A symmetric mass matrix that describes the inertial properties of the flexible body. See Mass Matrix.

To generate ROM data, you can use the Flexible Body Model Builder app or finite-element analysis tools, such as the Partial Differential Equation Toolbox™. By using the toolbox, you can start with the CAD geometry of the body, generate a finite-element mesh, apply the Craig-Bampton method, and generate the corresponding ROM data. For more information, see Model an Excavator Dipper Arm as a Flexible Body.

Common Reference Frame

The data provided to the Reduced Order Flexible Solid block must refer to a consistent common reference frame. This reference frame defines the x, y, and z directions that specify the relative position of all points in the body. The frame also defines the directions of the elastic degrees of freedom associated with each interface frame.

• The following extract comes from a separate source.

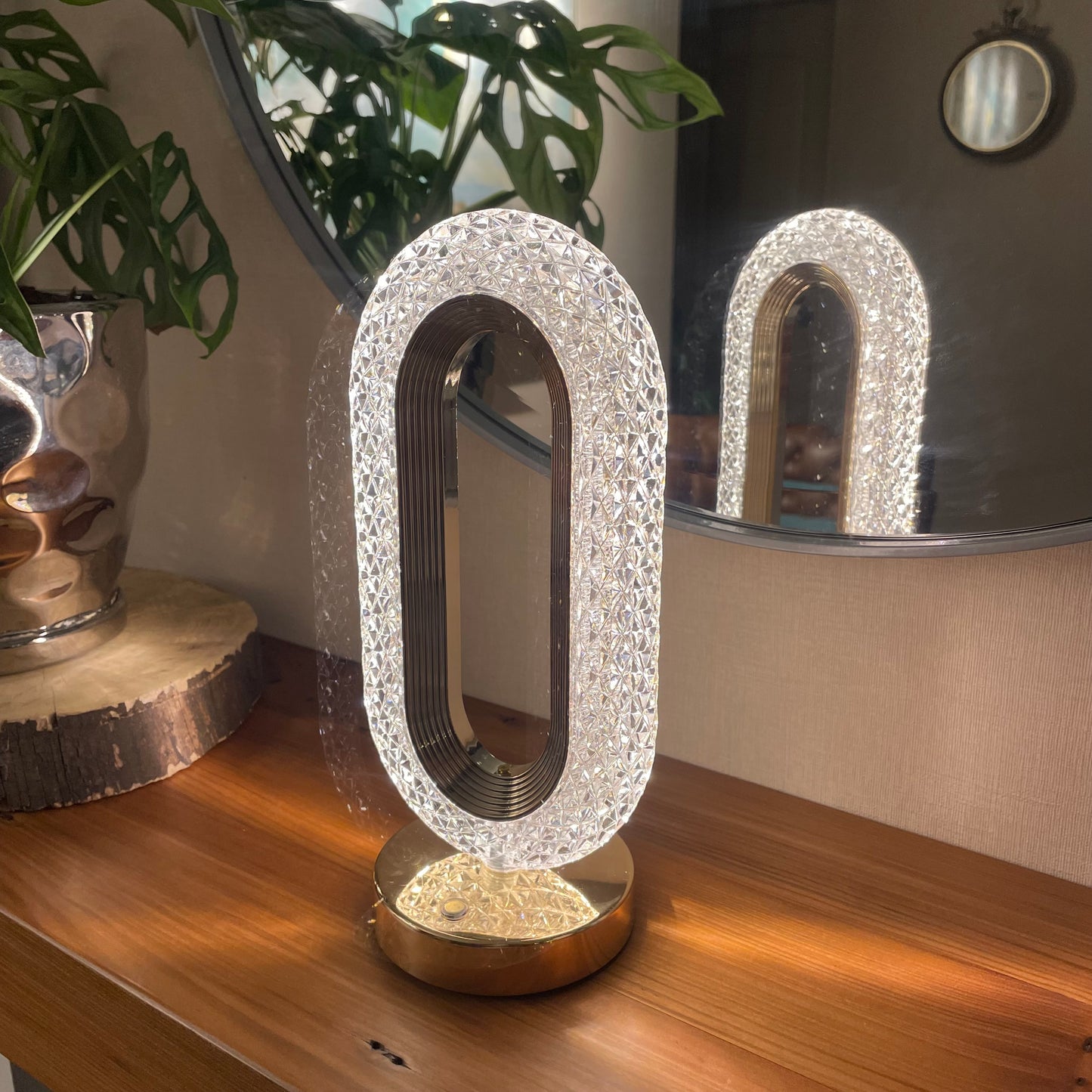Lámpara touch LED ovalada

Requirements for the ROM Data

The ROM data for the Reduced Order Flexible Solid block must satisfy these requirements:

The ROM data must have at least one boundary node. Each boundary node determines the location of an interface frame.
Each boundary node must contribute six degrees of freedom to the reduced-order model. The degrees of freedom for node i must be retained in the order

U_i = [T_x_i, T_y_i, T_z_i, R_x_i, R_y_i, R_z_i],
where:
- T_x_i, T_y_i, and T_z_i are translational degrees of freedom along the x, y, and z directions of the common reference frame.
- R_x_i, R_y_i, and R_z_i are rotational degrees of freedom about the x, y, and z axes of the common reference frame.

The reduced-order model can also include additional degrees of freedom, D₁, D₂, ⋯, D_m, that correspond to retained normal vibration modes. For a reduced-order model that has n boundary nodes and m modal degrees of freedom, the degrees of the freedom of the model is:

U_reduced = [U₁, U₂, ⋯, U_n, D₁, D₂, ⋯, D_m].

The number of the degrees of freedom N_reduced equals 6n + m, which includes six rigid-body degrees of freedom. The number of elastic degrees of freedom equals N_reduced - 6. The number of the degrees of freedom determines the size of the stiffness and mass matrices. For the matrices, the order of the rows and columns must correspond to the order of the U_reduced.

Reduce the Degrees of Freedom for a Flexible Body

You can use the block to further reduce the degrees of freedom for a flexible body. The fewer the degrees of freedom for flexible bodies, the faster the simulation.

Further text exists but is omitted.